Dyson Technologies has been handed a £1.2 million fine after a worker at its Wiltshire site narrowly escaped being crushed by a 1.5 tonne milling machine.
The employee, who was moving the machine at the tech firm’s site at Tetbury Hill in Malmesbury on 27 August 2019, sustained head and chest injuries after it fell on top of him.
Barry Miles, the injured worker, managed to avoid being crushed under the machine’s weight only because it landed on a stack of apprentices’ toolboxes and the handle of a neighbouring lathe, the Health and Safety Executive (HSE) found when it investigated.
The HSE concluded that the global technology firm had failed to provide suitable and sufficient information, instruction and training for workers who were moving the milling machine.
The tech firm had also failed to adequately assess the task of moving the machine and devise a safe system of work to ensure it was completed safely.
Swindon Magistrates’ Court was told on 25 July that two employees in the workshop support team were moving a large milling machine in the prototyping department when the incident took place.
The department, which uses a range of techniques to research and develop new technologies, product designs and manufacturing capabilities, contains several milling machines and lathes in its workshops, the court was told.
Although the movement of certain machinery was contracted out to external specialist lifting companies, the workshop support team would respond to requests for the internal movement of machinery, including manual milling machines.
On the day of the incident, workshop support team supervisor Keith Cambridge received an email requesting the movement of the 1.5 tonne milling machine.
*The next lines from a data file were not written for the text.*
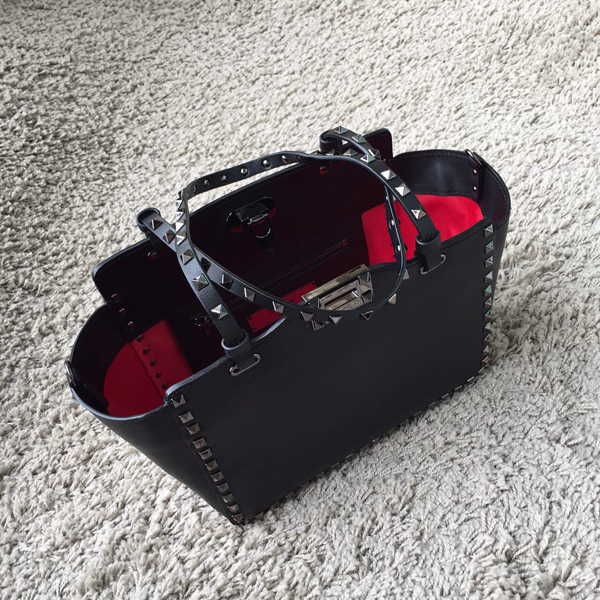 2016AW★Valentino ヴァレンティノスーパーコピー ミニ ロックスタッド 2WAY Rockstud
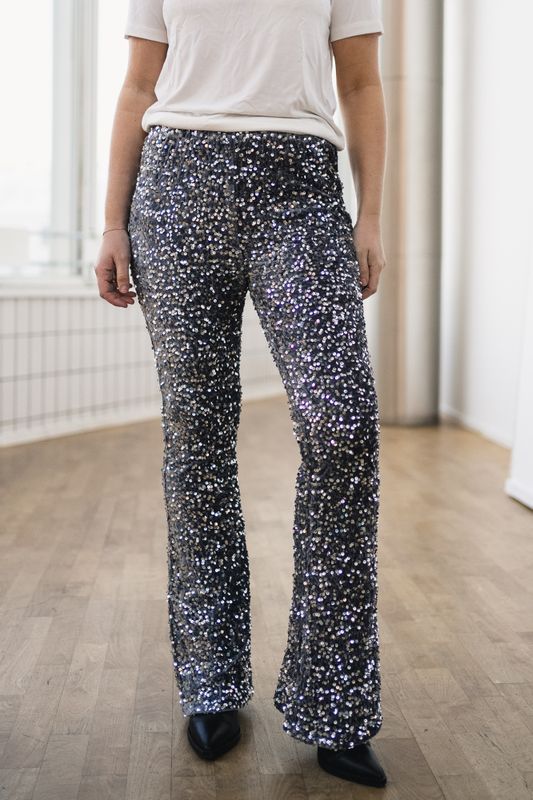 Milan Flared Pants Silver 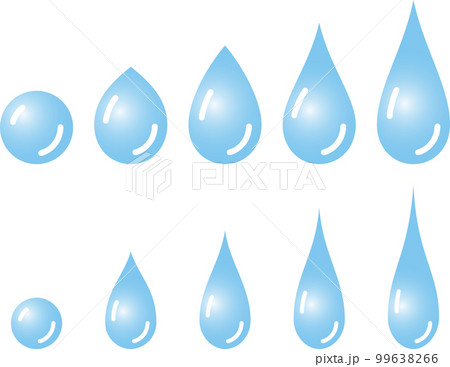 水滴のセットのイラスト素材 [99638266] - PIXTA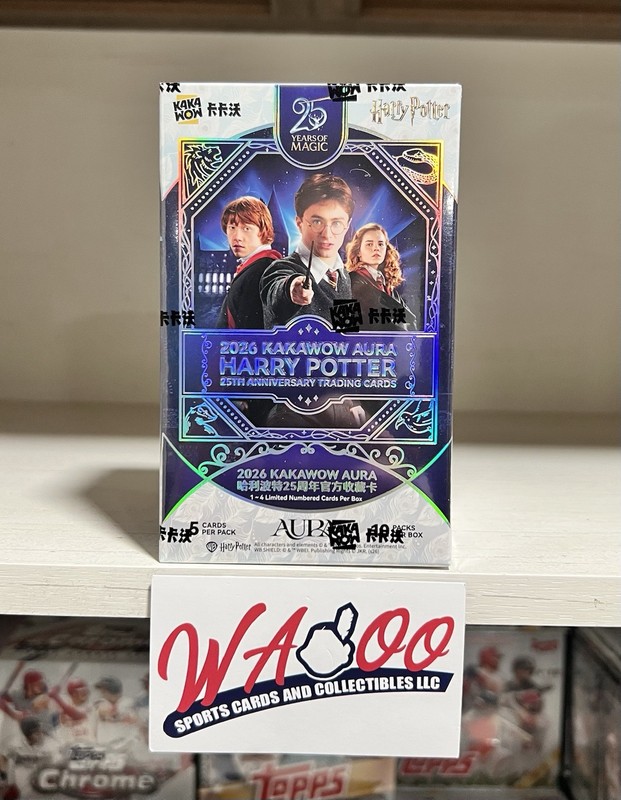 2026 Kakawow Aura Harry Potter 25th Anniversary Sealed Hobby Trading Card Box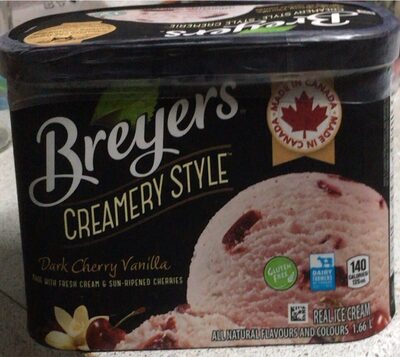 Dark cherry vanilla ice cream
He had wanted to use a forklift truck but this required 72 hours’ notice to be given to the firm’s central health and safety department with a written risk assessment.
However, the court was told that ‘he had no training in completing risk assessments of this type’. In the event, the time-scale meant this option wasn’t available and it would also have been difficult to use a forklift in the space where the machinery was located.
Instead, Cambridge and Miles used a method that involved the use of two sets of three-tonne jacks, a five-tonne jack, one steering skate and two roller skates, and a number of wooden blocks.
The court was told, however, that ‘neither of them had ever been trained in the process of moving machinery’. Also no risk assessment, method statement or lifting plan had been prepared by a competent person for the machinery’s movement.
The two employees had tried to lift the heavy machinery using the five-tonne jack and were in the process of replacing two fixed roller skates with several wooden blocks when the machine toppled over and struck Miles.
He sustained rib and shoulder injuries as well as a wound to his head. The court was told that had the machine toppled over completely, it was likely that Miles would have died or sustained life-changing injuries.
Dyson Technologies of Tetbury Hill, Malmesbury, Wiltshire pleaded guilty to breaching s 2(1) of the Health and Safety at Work Act 1974.
In pleading guilty, Dyson Technologies said company policies had been in place to reduce risks but these were not followed at a local level.
The tech firm submitted that at the time of the offence, the company policy for the movement of machinery was that it either had to be done using a forklift, which required a risk assessment, or it was contracted out to external contractors.
However, when Dyson Technologies was pressed, it accepted ‘that there was no such policy in existence at the time’, although one has now been put in place, the court was told. The company accepted that there had been no specific policy covering the in-house movement of large milling machines and that ‘jacks and other equipment were made available to employees to move heavy equipment without the requirement for risk assessments, training or supervision’.
District judge Joanna Dickens concluded that the tech firm ‘fell far short of the appropriate standard’ and agreed with the prosecution that it was high culpability. She also said that the case fell into the top category of harm risked because the incident ‘could have caused death or very serious injury’. The judge added that the likelihood of harm occurring was medium.
Concluding that the offence fell within high culpability with harm category 2, the district judge said that Dyson Technologies’ turnover for 2021 was £4.9 billion, which made it a large company. The starting point for this would be £1.1 million with a range of £550,000 to £2.9 million.
However, she decided to move the case up to harm category 1 in the high culpability bracket, with a starting point of £2.4 million and a range of £1.5 million to £6 million.
Considering that there were no aggravating features, she took into account the tech firm’s mitigating factors, including its excellent safety record, full co-operation with the HSE investigation and early guilty plea before reducing the fine.
Handing down the sentence via video link on 3 August, the district judge ordered Dyson Technologies to pay a £1.2 million fine plus £11,511 in costs.
Representing Dyson Technologies, Ben Compton QC told the court that the tech firm had taken immediate steps to resolve the situation after the incident and had introduced a new training programme and risk assessment system.
‘This incident could have been fatal,’ said HSE inspector James Hole. ‘Those in control of work have a duty to assess the risks, devise safe methods of working and to provide the necessary information, instruction and training to their workforce.’